Fu in quel momento che il cliché [trope] del “cattolicesimo tradizionale radicale” si formò nella mente di Heidi. Come già detto, non aveva nulla a che fare con la messa latina, ma con l’apertura di un nuovo fronte nelle guerre culturali, tramite l’interpretazione della questione ebraica in termini religiosi e non razziali. […] Adescare i razzisti bianchi era diventato pane quotidiano per l’SPLC, un mezzo infallibile per raccogliere fondi dai suoi finanziatori in gran parte ebrei […]. Quindi perché non usare gli stessi cattolici che gli ebrei odiano tanto quanto i “nazi” (o forse di più) per raccogliere ancora più soldi?
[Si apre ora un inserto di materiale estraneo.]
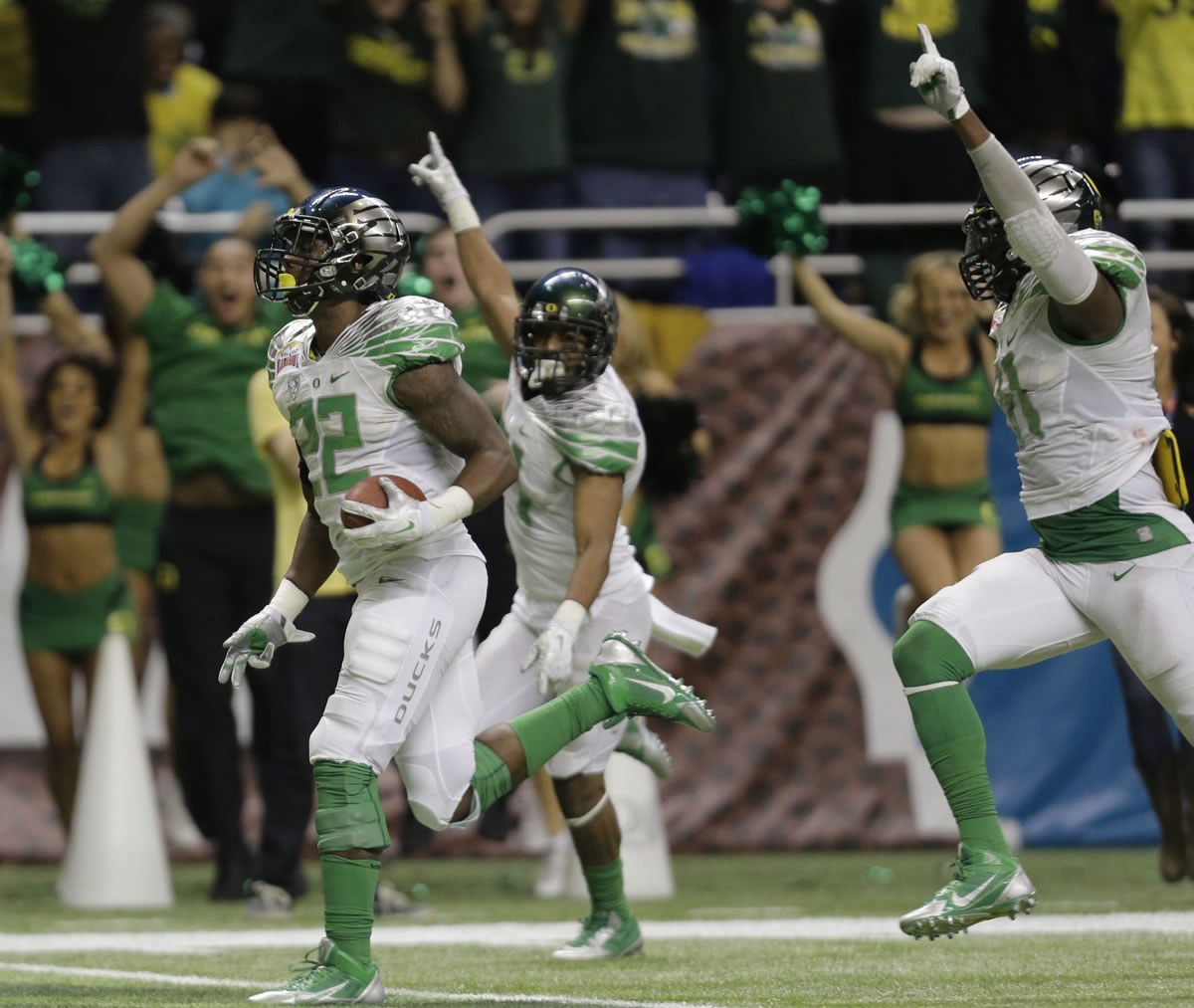 Oregon's Derrick Malone (22) returns an interception for a touchdown against Texas during the second half of the Valero Alamo Bowl NCAA college football game, Monday,  Dec. 30, 2013, in San Antonio.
Riesco quasi a vedere il pensiero formarsi nella mente eccitata di Heidi”».
L’Autore afferma dunque che i veri “contendenti” della guerra culturale non sono progressisti e conservatori, bianchi o neri, ma ebrei e cattolici, dal momento che a suo parere “tutta la storia umana è una battaglia ebraico-cattolica tra i discendenti di quegli ebrei che accettarono Gesù Cristo come Logos incarnato e quegli ebrei che lo crocifissero e divennero rivoluzionari”, ricordando, in maniera quasi scontata, che tra le “fonti” dell’FBI senza alcun dubbio il Souther Poverty Law Center viene scalzato dalla Anti-Defamation League (ADL).
Infine Jones ricorda il caso di Mark Houck, attivista anti-aborto che nel settembre 2022 si è visto assaltare la casa da una trentina di agenti dell’FBI venuti per arrestarlo all’alba di fronte alla moglie e ai suoi sette figli solo per aver manifestato davanti alle cliniche della Planned Parenthood (“reato” per il quale è stato poi assolto).
Partendo dall’assunto che a suo parere l’aborto è un “valore ebraico” (Jones specula spesso su tale affermazione, effettivamente espressa da decine di organizzazioni ebraiche americane), l’Autore conclude che la questione della “messa in latino” sia solo un modo per manipolare il senso dei documenti divulgati e acuire le divisioni interne al cattolicesimo, mentre in realtà l’indiscrezione sarebbe segno di come la vera “guerra culturale” sia penetrata profondamente nello stesso Deep State, e di come tutti i nodi stiano venendo al pettine “nel modo misterioso in cui solo il Logos sa agire”.